2月の日露首脳会談では、「独創的で型にはまらないアプローチ」により領土交渉を行うことが確認された。その際、麻生首相は記者団に「役人に任せていてはだめだ。政治家が解決する以外に方法はない」「向こうが2島、こっちが4島では全く進展しない」などと語った。
「独創的なアプローチ」の内容については言及しなかったが、日本の首相が四島返還にこだわらない考えを公言したのは初めてだった。
麻生首相は外相当時の06年に国会で「択捉島の約25%を(国後、歯舞、色丹の)3島にくっつけると(面積は)50-50の比率になる」と面積等分解決案に触れたのをはじめ、3島返還論や共同開発論にも言及したことがある。過去の発言と照らし合わせ、四島返還方針の変更を検討しているのかと受け取る向きもあった。
しかし、政府はその後の閣議で面積等分案を否定する答弁書を決定し、その中で「北方四島の我が国への帰属が確認されれば、実際の返還の時期、態様および条件は柔軟に対応する」との従来方針を強調した。
こうした経緯の中で、今度は政府代表を務める谷内正太郎前外務事務次官が毎日新聞のインタビューで、「個人的な考え」と断りながら「3.5島返還でもいいのではないか」と四島返還にこだわるべきではないとの考えを示した。
谷内氏は「(歯舞、色丹の)2島では全体の7%にすぎない。択捉島の面積がすごく大きく、面積を折半すると3島プラス択捉の20~25%ぐらいになる」とも述べた。麻生首相の面積等分案と軌を一にしている。
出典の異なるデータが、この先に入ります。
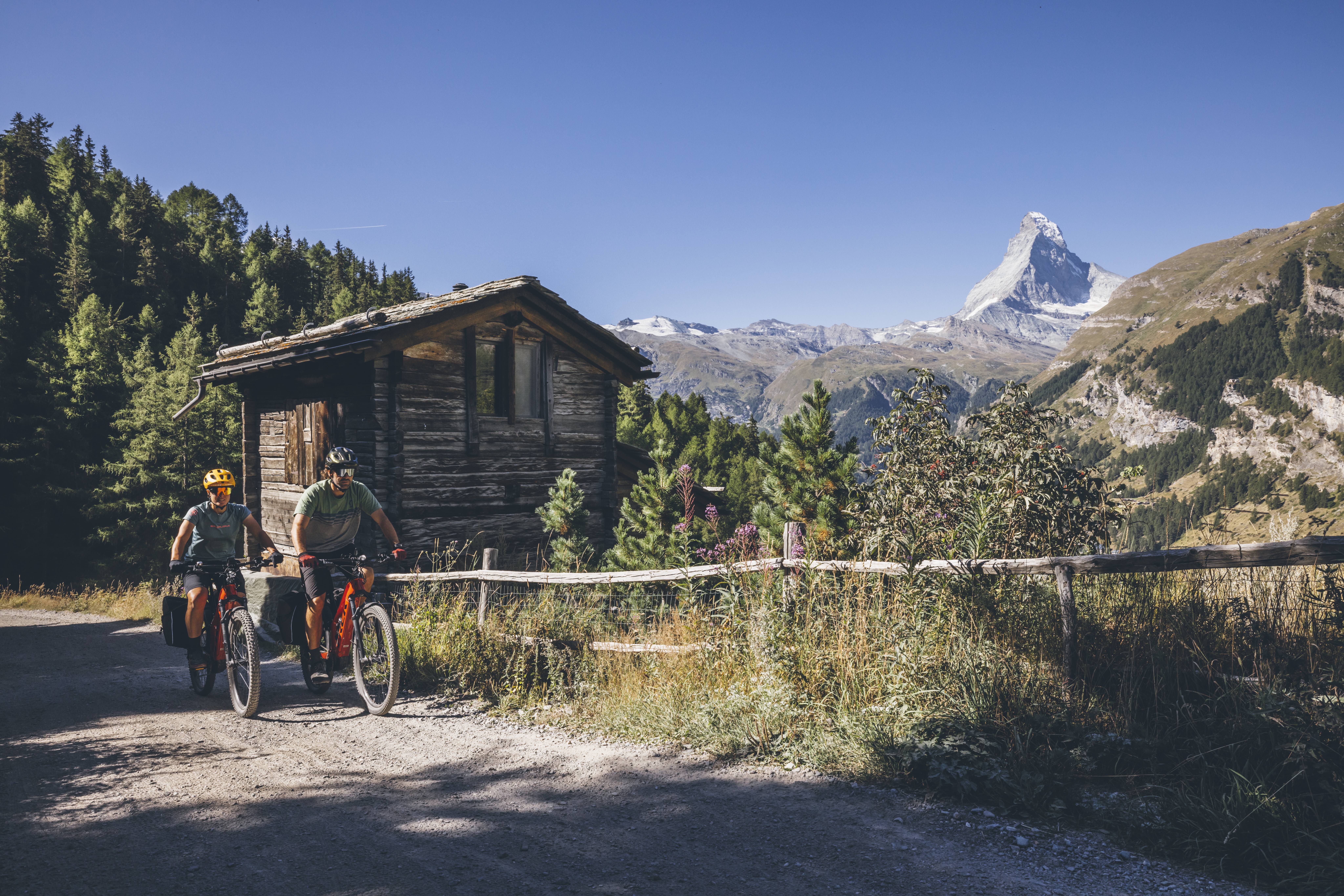 Two mountain bikers on a gravel road in the Swiss Alps with a view of the Matterhorn, following the Glacier Bike Tour West route, Valais, Switzerland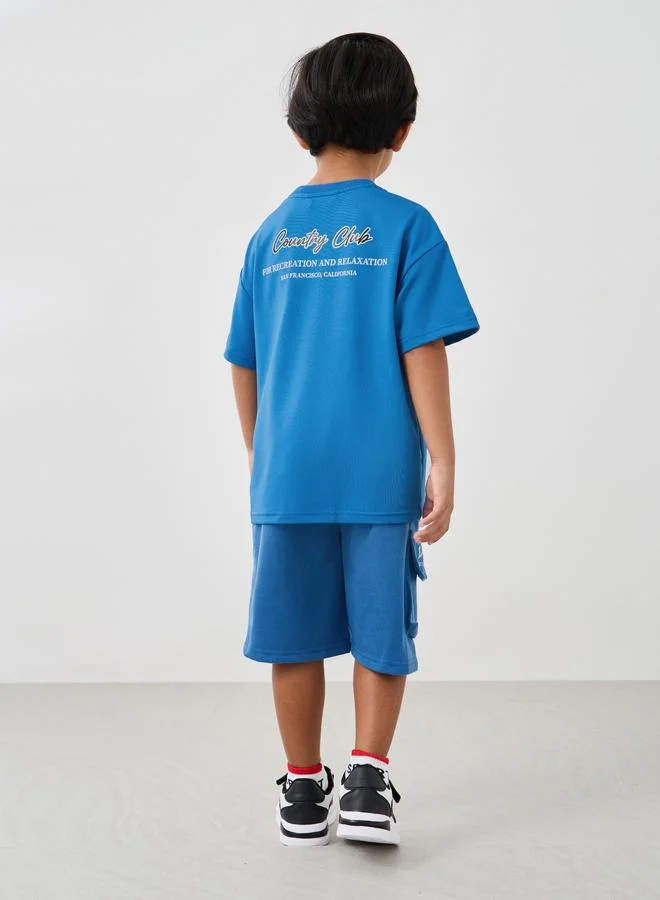 Styli Styli Boys Typography Printed Oversized T-Shirt and Shorts Set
河村建夫官房長官はさっそく、谷内発言は政府の公式見解ではないと打ち消した。だが、谷内氏は政府代表の立場にあり、麻生首相が外相だった時の外務事務次官でもある。首相の意向を反映した発言と受けとっても不自然ではないだろう。
外交に駆け引きはつきものである。麻生首相や谷内氏の発言はロシアから柔軟姿勢を引き出すための交渉戦術なのかもしれない。そうだとしても、衆院選を控えたこの時期に北方領土問題の打開を急ぐのはリスクを伴う。国論が分かれる重要問題は民意を受けた政権が対処すべきである。首相がどうしても自身の手で解決への道筋をつけたいというなら国民に説明したうえで衆院選で問うのが筋である。